Top of Raw data
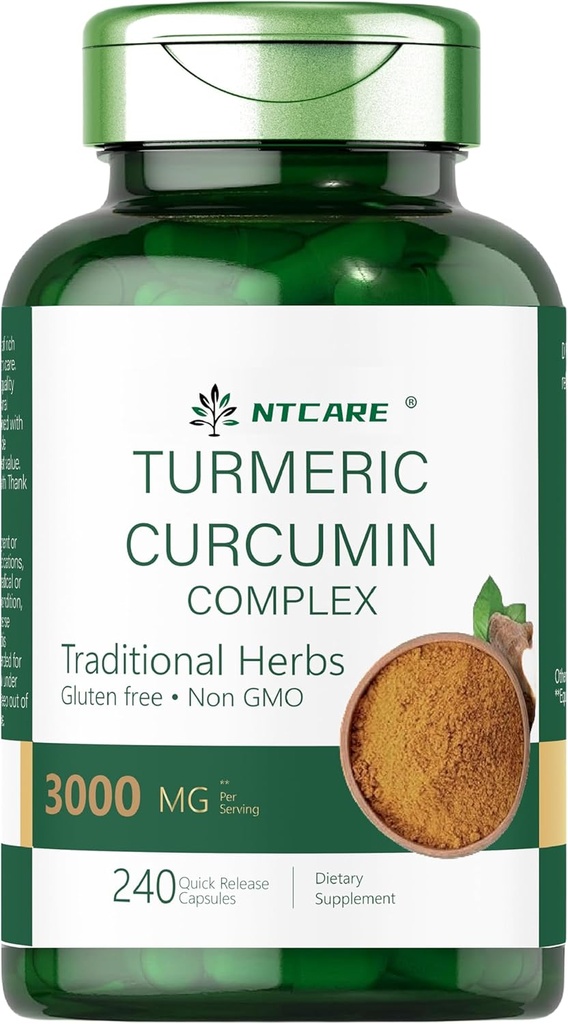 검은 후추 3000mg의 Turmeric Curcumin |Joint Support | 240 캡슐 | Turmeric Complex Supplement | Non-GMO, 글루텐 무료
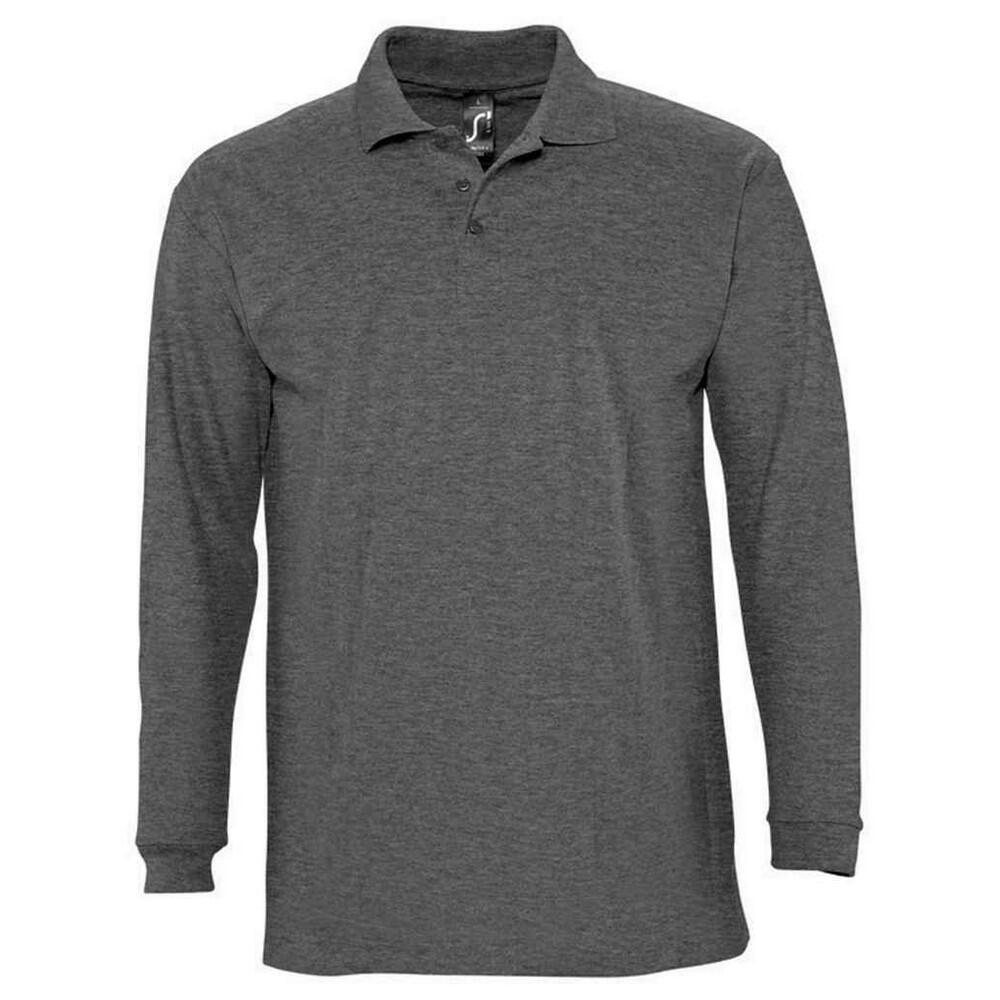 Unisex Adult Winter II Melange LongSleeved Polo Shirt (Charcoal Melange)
Bottom of Raw data
Top of Raw data
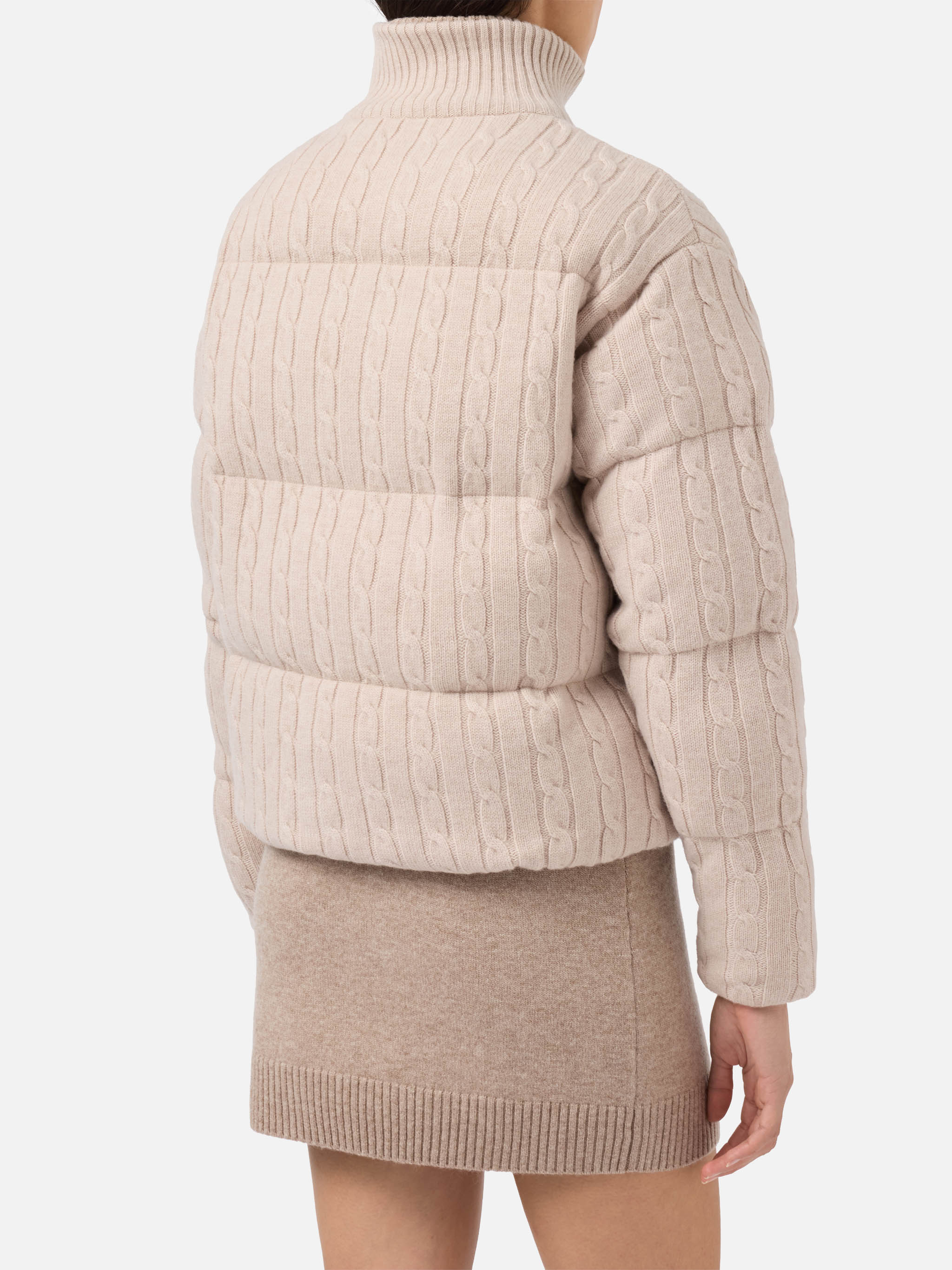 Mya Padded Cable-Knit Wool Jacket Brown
Bottom of Raw data
Top of Raw data
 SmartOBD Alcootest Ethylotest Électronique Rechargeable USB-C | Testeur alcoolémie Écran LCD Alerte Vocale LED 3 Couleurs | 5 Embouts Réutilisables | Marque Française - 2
Bottom of Raw data
In the data above, find the line containing "검은 후추 3000mg의" and the line containing "Unisex Adult Winter". Copy exactly the stretch from the first through the second, both included, leaving out any picture.

#### Expected answer
 검은 후추 3000mg의 Turmeric Curcumin |Joint Support | 240 캡슐 | Turmeric Complex Supplement | Non-GMO, 글루텐 무료
 Unisex Adult Winter II Melange LongSleeved Polo Shirt (Charcoal Melange)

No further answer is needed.